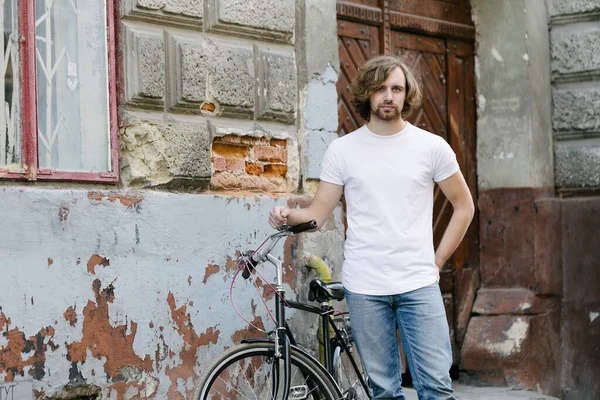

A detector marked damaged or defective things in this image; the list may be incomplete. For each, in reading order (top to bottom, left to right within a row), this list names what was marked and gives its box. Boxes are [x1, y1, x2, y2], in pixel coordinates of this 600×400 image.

rusty metal stain [87, 192, 145, 208]
rusty metal stain [86, 255, 110, 274]
peeling paint wall [0, 189, 344, 398]
rusty metal stain [204, 264, 220, 282]
rusty metal stain [0, 310, 56, 380]
rusty metal stain [66, 280, 154, 380]
rusty metal stain [165, 292, 219, 398]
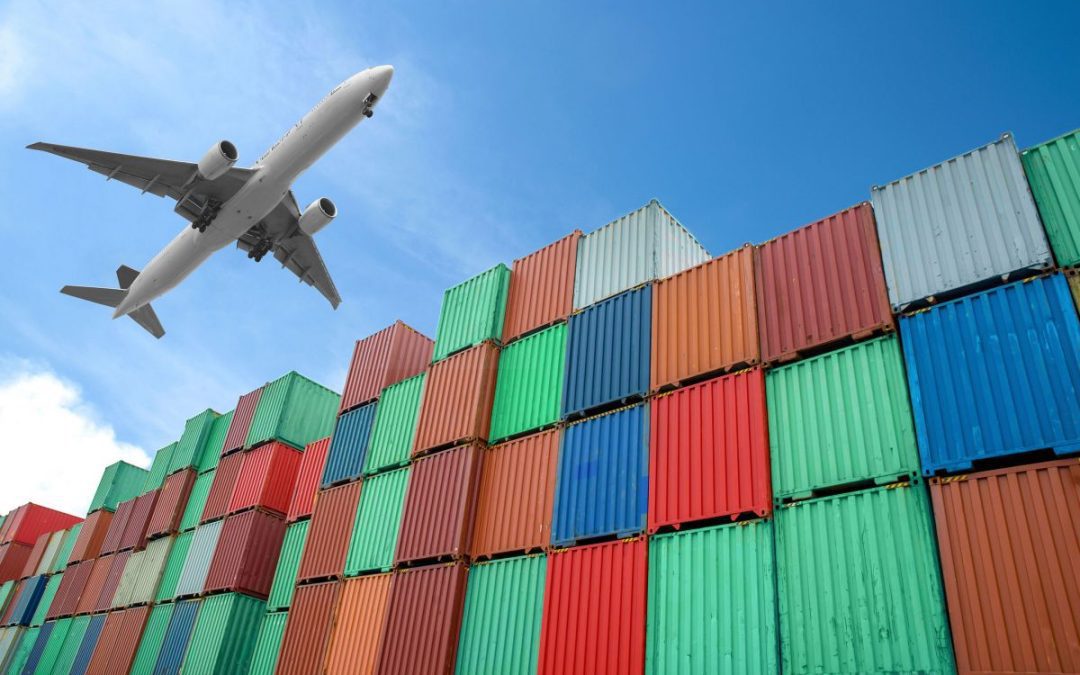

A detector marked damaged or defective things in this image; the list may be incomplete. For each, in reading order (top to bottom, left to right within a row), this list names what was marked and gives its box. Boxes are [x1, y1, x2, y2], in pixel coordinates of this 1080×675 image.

WHAT YOU WILL DO: An exact repetition of all the records above is required, excluding the pictures.

RESULT FOR THIS TASK:
A detector marked damaged or defective things in this image; the list may be incomplete. For each, in reading order (top to bottom, left to right within a row), this list names what was marked and gives its box. Boxes are [x1, y1, x2, y2], in pixel coordinates of this 600×400 image.

rusty metal stain [87, 192, 145, 208]
rusty metal stain [86, 255, 110, 274]
peeling paint wall [0, 189, 344, 398]
rusty metal stain [204, 264, 220, 282]
rusty metal stain [0, 310, 56, 380]
rusty metal stain [66, 280, 154, 380]
rusty metal stain [165, 292, 219, 398]

A detector marked damaged or defective things in this image; the list may be incomplete. For each, in reading order (top to bottom, left to right within a row), this list names what was marked and gives its box. Boxes are [x1, y1, x2, y2], in pixel coordinates of this 1080×675 image.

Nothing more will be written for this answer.